# Best Rod for the torium>?



## tjkelly17

Need some help. I Just bought a Shimano Torium 30. Plan on doing the AJ, grouper, snapper, whatever bites kind of fishin. What is the best rod for the reel? I do a little jiggin as well.Thanks for the info in advance


----------



## lobsterman

Shimano Trevalla 58xxh


----------



## FISHBOXFULL

i second the trevella, i have 2 - 6 ft xheavy 80-200lb with 50lb mono. awsome rods and xtra light


----------



## pogypumper

I will make it a third on the trevela. I love mine. After bottom fishing with 6/0s on slammer and tuna stick rods, there is no comparison. Especially fishing in deep water.
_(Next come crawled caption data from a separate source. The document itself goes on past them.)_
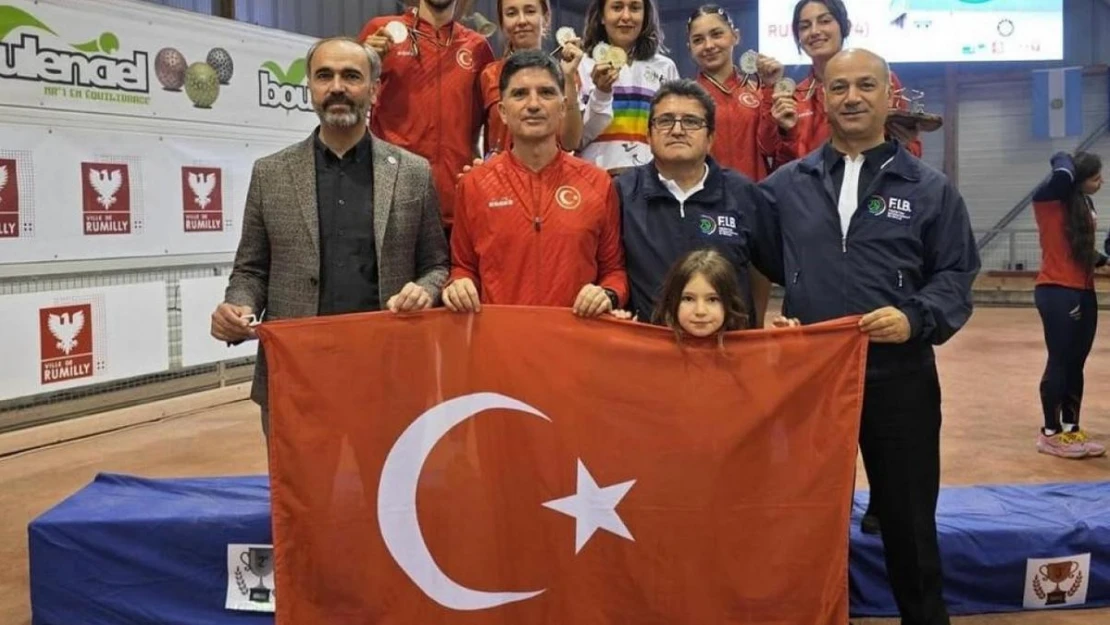 Mersinli sporcuların bocce başarısı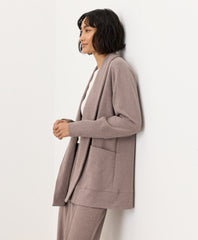 Organic Airplane Wrap Cardigan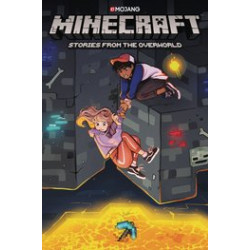 MINECRAFT STORIES FROM THE OVERWORLD HC 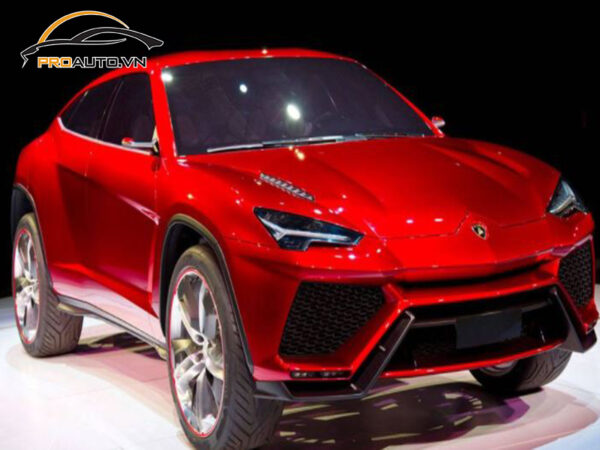 Phủ Ceramic Xe Lamborghini Urus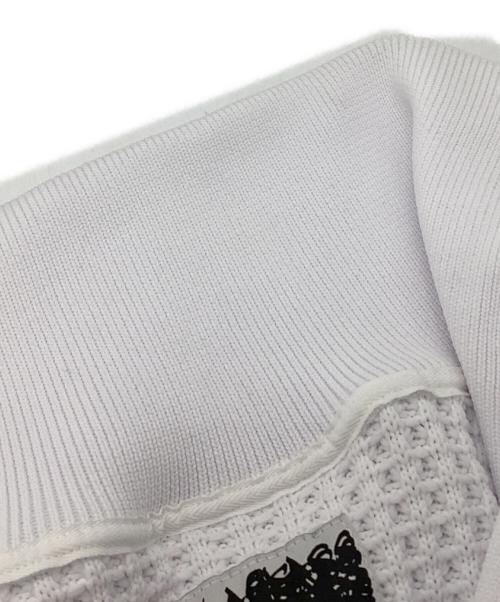 CLASS（クラス）CLASS (クラス) 22SSビッグワッフルニット / CCAA16UNIA ホワイト サイズ:2の古着・服飾アイテム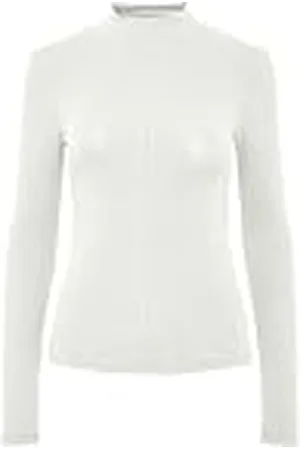 Pieces® PCKITTE Zip LS T-Neck Top NOOS BC, , M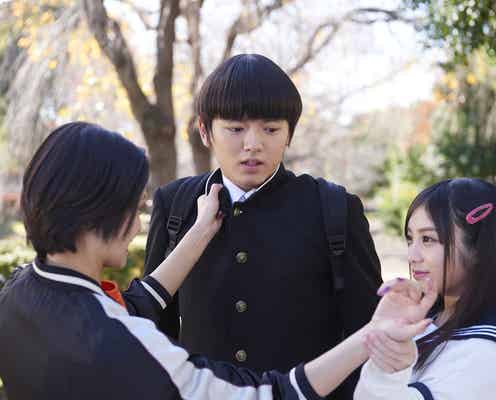 ツボミ(与田祐希)&モブ(濱田龍臣)、ヤンキーに絡まれる「モブサイコ100」<第7話あらすじ>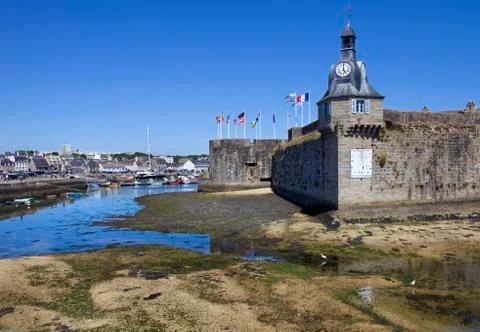 Concarneau Stock Photos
It is a lightweight and well balanced combo that can handle even the bigger AJs and grouper.


----------



## ted-hurst

I concur with all, I have a 2 Trevala's, one a 5'8" and the other a 6'6" and they both kick butt.

Ted


----------



## tjkelly17

Thanks for the help...Sounds like a unanimous answer..I will give it a try


----------



## Corpsman

I just bought the 30 yesterday as well. How would that setup work for traditional bottom fishing with live bait instead of jigs?


----------



## Travis Gill

Personally I can't stand the trevalas but thats just me. Maybe they are good for jigging but i don't jig hardly at all and for regular bottom fishing I don't like them.


----------



## Corpsman

> *Freespool (1/3/2009)*Personally I can't stand the trevalas but thats just me. Maybe they are good for jigging but i don't jig hardly at all and for regular bottom fishing I don't like them.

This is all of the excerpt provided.